Post-Keytruda: Potential Growth Drivers for Merck
September 23, 2024
Merck secured approvals for Winrevair in the United States (March 2024) and Europe (August 2024) for the treatment of pulmonary arterial hypertension (PAH). As the first-in-class activin signaling inhibitor for PAH, Winrevair was granted Breakthrough Therapy Designation by the FDA and has potential to become the new standard of care.
Historically, PAH has been notoriously difficult to treat, with available therapies primarily alleviating symptoms rather than targeting the underlying disease mechanism. Winrevair, however, directly targets a protein associated with the etiology of PAH, offering the potential to become a new standard of care. The STELLAR trial demonstrated Winrevair's remarkable efficacy, reducing the risk of death from any cause or PAH clinical worsening events by 84% compared to background therapy alone.
Analysts have estimated Winrevair's peak sales potential to be at least $2 billion, with J.P. Morgan's Chris Schott projecting peak sales of $3 billion to $4 billion. This promising outlook underscores the significant unmet need in PAH and the potential transformative impact of Winrevair on patient outcomes.

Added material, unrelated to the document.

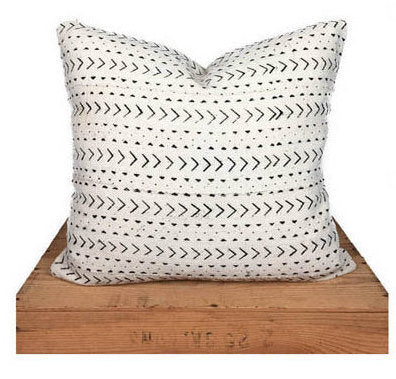 Elliott African Mud Cloth Pillow Cover, One Fine Nest Mudcloth Pillow Covers, White, Multiple Sizes Available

Merck's Gardasil franchise, a cornerstone in the fight against human papillomavirus (HPV)-related cancers, continues to exhibit robust growth. In 2023, Gardasil sales reached an impressive $8.9 billion, representing a 29% year-over-year increase from 2022. While demand in China has been a key contributor to this success, recent headwinds have emerged due to macro factors and anti-corruption efforts impacting distribution within the broader healthcare system.

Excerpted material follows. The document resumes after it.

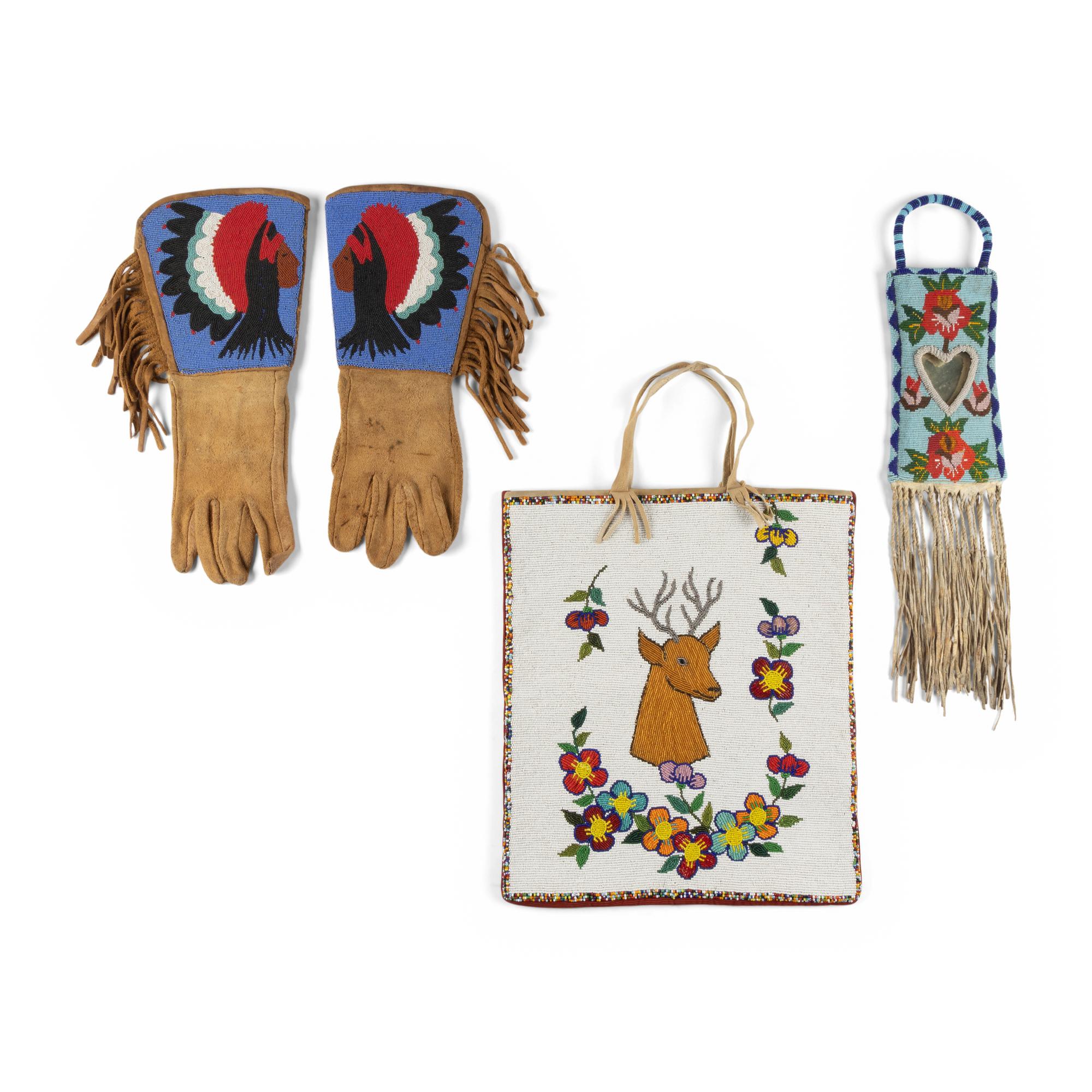Plateau Beaded Gauntlets, Mirror Bag, and Flat Bag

Recognizing the global challenge of HPV vaccine uptake — only 27% of girls worldwide having received the first dose as of July 2024 — Merck plans to initiate clinical trials examining the efficacy of a single-dose Gardasil regimen versus the approved three-dose schedule. If successful, this strategy could significantly improve access and prevention of HPV-related cancers worldwide, particularly in underserved areas where multi-dose regimens pose logistical challenges.
In December 2023, the FDA approved Welireg for a second indication, establishing it as a first-in-class treatment for advanced renal cell carcinoma (RCC). This approval vastly expanded Welireg's potential patient population, as RCC is the most prevalent form of kidney cancer. The impact was immediate, with Welireg exhibiting a remarkable 150% year-over-year growth between Q2 2023 and Q2 2024, emerging as a key future growth driver for Merck.
Weilireg was originally approved for von Hippel-Lindau disease, a rare hereditary condition that causes tumor growths in various organs. Merck is exploring Welireg's use in additional indications, including combinations with Keytruda and other drugs for various cancers, further amplifying its growth prospects.
While Keytruda's LOE is approaching in 2028, Merck is proactively implementing several initiatives to enhance Keytruda's prospects and mitigate the impact of generic competition. One initiative is the development of a subcutaneous formulation of Keytruda, currently in Phase 3 trials, with study completion expected in October 2026. If successful, this formulation could provide Merck with a competitive advantage over future intravenous generics, as it would offer a more convenient administration route for patients.
Additionally, Merck is exploring combination therapies involving Keytruda, leveraging its synergistic potential with other immunotherapies targeting different cellular pathways. By expanding Keytruda's applications and enhancing its value proposition, Merck aims to maintain its position as a leader in the immuno-oncology space, even in the face of impending patent expiration.
Merck's strategic initiatives and innovative pipeline underscore the company's commitment to delivering transformative therapies that address unmet medical needs and improve patient outcomes. From the groundbreaking Winrevair for PAH to the expanded indications for Welireg and the continued growth of the Gardasil franchise, Merck's diverse portfolio reflects its adaptability and resilience in navigating the ever-changing biopharmaceutical landscape.